═════ DATA FOR THIS TASK ═════

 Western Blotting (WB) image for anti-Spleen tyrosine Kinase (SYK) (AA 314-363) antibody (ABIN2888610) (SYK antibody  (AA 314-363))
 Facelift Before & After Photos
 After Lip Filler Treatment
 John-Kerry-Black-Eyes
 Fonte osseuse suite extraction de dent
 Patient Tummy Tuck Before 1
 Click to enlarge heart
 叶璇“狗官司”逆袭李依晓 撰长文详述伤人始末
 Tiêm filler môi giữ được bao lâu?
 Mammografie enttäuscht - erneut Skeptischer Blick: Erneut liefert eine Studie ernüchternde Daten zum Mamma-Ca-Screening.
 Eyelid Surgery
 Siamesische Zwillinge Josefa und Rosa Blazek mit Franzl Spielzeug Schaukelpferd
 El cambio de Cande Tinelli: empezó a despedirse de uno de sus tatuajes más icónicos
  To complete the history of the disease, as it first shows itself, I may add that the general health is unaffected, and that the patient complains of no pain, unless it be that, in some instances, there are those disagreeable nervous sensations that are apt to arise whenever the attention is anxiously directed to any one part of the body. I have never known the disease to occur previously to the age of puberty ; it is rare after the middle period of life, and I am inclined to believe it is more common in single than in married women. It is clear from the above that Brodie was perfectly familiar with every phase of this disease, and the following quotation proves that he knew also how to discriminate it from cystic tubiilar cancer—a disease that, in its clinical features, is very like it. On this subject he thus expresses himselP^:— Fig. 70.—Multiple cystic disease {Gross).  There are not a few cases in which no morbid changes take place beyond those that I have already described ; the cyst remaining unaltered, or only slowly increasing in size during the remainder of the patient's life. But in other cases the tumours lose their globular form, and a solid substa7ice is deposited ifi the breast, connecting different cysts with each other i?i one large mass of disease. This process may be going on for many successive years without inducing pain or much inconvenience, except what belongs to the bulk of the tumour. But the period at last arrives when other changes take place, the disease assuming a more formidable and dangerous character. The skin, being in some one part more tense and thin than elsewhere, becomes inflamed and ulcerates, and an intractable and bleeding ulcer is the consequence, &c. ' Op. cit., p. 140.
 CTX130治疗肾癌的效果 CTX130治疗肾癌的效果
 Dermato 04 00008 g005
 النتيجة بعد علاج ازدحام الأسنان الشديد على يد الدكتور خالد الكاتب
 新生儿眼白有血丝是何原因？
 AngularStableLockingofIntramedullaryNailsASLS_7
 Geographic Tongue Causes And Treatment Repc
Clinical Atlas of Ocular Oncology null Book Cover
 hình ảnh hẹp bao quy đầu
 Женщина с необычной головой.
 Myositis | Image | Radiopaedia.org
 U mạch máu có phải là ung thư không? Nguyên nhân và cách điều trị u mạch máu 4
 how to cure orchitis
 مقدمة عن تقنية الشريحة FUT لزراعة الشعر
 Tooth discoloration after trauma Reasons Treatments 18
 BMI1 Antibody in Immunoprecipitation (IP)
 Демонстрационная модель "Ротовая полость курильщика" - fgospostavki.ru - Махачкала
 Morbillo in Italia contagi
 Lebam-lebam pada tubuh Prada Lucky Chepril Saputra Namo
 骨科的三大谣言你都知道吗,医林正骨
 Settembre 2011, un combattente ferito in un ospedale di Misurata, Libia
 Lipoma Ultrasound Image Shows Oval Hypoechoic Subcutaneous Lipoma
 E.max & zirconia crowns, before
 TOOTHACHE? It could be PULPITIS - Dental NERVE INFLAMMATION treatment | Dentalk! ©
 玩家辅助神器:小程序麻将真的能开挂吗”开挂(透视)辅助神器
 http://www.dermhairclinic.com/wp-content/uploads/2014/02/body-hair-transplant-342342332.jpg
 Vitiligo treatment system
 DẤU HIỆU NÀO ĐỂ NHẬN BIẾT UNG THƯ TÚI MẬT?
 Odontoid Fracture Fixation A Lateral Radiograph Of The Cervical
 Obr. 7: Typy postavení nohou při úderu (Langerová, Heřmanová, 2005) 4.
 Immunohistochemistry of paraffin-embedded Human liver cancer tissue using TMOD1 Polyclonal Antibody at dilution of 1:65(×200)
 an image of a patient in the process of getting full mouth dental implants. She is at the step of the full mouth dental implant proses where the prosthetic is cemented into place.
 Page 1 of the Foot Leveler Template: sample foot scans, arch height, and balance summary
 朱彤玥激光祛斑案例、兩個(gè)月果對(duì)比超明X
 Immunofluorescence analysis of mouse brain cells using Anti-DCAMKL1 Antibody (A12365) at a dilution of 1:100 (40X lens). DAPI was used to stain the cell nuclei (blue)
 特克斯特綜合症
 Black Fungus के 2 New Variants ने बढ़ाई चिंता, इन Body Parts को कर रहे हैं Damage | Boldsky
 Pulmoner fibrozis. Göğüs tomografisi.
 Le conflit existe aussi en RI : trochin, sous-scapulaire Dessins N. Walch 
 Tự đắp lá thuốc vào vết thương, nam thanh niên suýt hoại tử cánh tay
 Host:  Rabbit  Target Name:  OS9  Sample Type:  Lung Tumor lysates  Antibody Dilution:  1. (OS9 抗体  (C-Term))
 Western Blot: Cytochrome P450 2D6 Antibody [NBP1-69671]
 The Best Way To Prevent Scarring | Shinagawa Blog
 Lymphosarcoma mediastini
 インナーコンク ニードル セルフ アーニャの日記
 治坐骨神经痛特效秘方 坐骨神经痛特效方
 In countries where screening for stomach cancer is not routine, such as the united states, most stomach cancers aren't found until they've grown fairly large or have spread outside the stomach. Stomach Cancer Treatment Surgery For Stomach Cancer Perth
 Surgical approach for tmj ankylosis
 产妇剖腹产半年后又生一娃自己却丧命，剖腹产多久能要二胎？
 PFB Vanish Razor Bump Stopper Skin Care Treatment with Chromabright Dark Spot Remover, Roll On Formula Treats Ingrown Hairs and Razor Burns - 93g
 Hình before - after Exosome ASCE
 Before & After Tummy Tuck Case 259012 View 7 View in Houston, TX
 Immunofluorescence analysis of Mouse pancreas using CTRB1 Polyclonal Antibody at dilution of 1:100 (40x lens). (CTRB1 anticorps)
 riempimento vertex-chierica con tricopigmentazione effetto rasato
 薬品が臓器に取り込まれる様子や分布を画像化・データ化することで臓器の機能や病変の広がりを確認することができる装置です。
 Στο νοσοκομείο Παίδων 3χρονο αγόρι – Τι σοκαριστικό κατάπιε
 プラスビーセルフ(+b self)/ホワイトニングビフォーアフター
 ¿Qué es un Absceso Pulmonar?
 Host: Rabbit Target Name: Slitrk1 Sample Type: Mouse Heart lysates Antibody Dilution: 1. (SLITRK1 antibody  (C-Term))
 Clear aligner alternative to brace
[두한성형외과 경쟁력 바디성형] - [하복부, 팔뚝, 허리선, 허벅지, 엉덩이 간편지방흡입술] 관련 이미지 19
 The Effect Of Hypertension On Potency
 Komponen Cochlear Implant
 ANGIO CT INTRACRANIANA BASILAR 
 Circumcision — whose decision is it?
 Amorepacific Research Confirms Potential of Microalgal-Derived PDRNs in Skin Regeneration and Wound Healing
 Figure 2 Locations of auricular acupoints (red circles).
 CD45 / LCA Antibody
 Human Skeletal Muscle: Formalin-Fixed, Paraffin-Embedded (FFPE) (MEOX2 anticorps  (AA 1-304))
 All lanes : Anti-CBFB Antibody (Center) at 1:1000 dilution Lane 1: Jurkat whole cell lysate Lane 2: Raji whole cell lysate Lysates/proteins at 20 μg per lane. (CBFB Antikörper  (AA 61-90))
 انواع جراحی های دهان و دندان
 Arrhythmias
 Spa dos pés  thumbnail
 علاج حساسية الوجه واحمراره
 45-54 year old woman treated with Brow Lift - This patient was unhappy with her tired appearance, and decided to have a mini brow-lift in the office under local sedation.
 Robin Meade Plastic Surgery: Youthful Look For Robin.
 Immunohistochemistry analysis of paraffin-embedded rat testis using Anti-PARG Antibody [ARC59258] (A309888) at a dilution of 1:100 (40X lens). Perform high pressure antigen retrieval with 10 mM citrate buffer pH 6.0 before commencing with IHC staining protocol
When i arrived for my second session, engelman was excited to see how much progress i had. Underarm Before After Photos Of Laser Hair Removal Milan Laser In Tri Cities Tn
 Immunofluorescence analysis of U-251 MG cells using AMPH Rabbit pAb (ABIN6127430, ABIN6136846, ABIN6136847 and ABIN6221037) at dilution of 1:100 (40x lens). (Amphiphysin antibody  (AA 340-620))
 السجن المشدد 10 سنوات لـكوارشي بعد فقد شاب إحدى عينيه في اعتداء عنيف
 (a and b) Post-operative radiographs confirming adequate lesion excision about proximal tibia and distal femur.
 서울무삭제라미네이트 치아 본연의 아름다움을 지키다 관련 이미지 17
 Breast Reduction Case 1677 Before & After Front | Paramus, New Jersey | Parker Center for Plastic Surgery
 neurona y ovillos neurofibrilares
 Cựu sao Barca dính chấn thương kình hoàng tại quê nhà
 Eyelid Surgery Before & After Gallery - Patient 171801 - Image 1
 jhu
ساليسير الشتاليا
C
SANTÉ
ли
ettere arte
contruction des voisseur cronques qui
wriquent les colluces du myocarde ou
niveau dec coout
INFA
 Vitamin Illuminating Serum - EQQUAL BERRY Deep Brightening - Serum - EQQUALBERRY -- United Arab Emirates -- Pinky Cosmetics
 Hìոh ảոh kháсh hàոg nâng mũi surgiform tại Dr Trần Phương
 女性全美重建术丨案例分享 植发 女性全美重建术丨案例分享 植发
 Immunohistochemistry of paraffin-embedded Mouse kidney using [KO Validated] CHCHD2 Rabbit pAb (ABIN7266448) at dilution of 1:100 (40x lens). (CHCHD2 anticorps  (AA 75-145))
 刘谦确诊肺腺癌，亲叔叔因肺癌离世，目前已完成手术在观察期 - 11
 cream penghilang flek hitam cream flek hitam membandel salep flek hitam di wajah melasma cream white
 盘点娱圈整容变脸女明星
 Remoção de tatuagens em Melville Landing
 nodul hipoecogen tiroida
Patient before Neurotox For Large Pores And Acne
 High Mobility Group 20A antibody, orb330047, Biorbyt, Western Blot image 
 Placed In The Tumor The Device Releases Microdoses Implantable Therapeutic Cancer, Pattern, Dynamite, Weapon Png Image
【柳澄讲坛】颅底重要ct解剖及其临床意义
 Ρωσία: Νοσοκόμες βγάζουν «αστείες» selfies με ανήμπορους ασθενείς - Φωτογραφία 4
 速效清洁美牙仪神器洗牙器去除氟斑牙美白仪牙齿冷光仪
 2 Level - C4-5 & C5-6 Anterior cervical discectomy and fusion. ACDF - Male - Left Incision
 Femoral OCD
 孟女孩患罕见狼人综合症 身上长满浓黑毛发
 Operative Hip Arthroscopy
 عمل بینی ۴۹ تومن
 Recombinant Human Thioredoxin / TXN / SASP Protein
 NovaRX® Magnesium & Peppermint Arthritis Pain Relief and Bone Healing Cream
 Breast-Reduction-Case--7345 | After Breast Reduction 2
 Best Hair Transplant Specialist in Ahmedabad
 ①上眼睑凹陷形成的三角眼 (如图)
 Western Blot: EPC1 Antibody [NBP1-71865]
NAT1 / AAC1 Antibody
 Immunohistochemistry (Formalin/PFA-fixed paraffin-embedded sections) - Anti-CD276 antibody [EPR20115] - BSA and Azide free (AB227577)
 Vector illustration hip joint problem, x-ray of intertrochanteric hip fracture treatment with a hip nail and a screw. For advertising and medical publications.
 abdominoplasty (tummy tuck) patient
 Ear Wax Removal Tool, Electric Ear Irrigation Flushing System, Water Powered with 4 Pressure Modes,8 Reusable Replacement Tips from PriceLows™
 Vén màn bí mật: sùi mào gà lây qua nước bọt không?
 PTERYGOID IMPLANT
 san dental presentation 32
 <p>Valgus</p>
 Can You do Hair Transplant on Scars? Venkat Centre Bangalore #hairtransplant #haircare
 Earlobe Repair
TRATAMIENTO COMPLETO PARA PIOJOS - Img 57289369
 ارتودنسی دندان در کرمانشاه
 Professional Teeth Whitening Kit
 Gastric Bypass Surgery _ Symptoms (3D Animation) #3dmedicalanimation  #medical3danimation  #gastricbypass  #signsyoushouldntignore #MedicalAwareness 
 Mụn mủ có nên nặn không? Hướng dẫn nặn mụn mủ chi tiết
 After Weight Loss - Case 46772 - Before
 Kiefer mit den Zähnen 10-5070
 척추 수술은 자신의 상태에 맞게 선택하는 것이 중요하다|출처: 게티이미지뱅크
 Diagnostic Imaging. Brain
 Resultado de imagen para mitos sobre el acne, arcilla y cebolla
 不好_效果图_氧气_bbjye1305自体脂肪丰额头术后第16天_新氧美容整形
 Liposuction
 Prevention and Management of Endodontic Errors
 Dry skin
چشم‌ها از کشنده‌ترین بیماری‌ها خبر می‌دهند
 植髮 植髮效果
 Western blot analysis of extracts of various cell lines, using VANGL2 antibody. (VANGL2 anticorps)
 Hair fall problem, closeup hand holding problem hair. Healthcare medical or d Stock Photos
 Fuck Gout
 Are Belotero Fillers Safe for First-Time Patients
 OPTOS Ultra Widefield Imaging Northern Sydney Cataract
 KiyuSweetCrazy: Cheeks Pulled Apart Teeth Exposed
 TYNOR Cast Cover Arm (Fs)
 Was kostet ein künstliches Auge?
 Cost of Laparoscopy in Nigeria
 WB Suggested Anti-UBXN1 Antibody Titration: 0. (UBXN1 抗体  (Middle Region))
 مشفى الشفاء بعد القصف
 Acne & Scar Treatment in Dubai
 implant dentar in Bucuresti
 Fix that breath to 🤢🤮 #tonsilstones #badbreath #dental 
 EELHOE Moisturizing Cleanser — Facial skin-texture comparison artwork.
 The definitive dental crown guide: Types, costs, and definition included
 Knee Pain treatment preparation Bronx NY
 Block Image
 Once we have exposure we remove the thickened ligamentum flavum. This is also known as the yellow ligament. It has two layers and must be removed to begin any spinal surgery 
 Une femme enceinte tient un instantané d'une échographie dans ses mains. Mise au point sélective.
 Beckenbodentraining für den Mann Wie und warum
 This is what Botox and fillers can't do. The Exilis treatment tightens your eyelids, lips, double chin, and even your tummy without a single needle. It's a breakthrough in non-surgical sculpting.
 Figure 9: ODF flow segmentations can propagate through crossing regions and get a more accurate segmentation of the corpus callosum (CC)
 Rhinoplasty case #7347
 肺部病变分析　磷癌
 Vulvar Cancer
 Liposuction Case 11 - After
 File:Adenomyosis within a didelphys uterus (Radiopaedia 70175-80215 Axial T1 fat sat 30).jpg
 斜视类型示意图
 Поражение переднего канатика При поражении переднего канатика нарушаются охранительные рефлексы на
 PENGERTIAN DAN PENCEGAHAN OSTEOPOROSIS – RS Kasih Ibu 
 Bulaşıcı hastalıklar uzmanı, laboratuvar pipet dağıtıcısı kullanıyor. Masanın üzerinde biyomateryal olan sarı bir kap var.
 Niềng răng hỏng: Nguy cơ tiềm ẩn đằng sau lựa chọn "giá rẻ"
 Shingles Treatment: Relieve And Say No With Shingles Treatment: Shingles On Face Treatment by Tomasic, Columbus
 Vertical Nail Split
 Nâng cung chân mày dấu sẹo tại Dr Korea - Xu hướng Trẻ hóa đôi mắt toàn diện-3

═════

WHAT IS EXPECTED: Set down, exactly as they stand above, the lines starting with the line with "ANGIO CT INTRACRANIANA BASILAR" and going on through the line with "CD45 / LCA Antibody", and no others.

TASK RESPONSE:
 ANGIO CT INTRACRANIANA BASILAR 
 Circumcision — whose decision is it?
 Amorepacific Research Confirms Potential of Microalgal-Derived PDRNs in Skin Regeneration and Wound Healing
 Figure 2 Locations of auricular acupoints (red circles).
 CD45 / LCA Antibody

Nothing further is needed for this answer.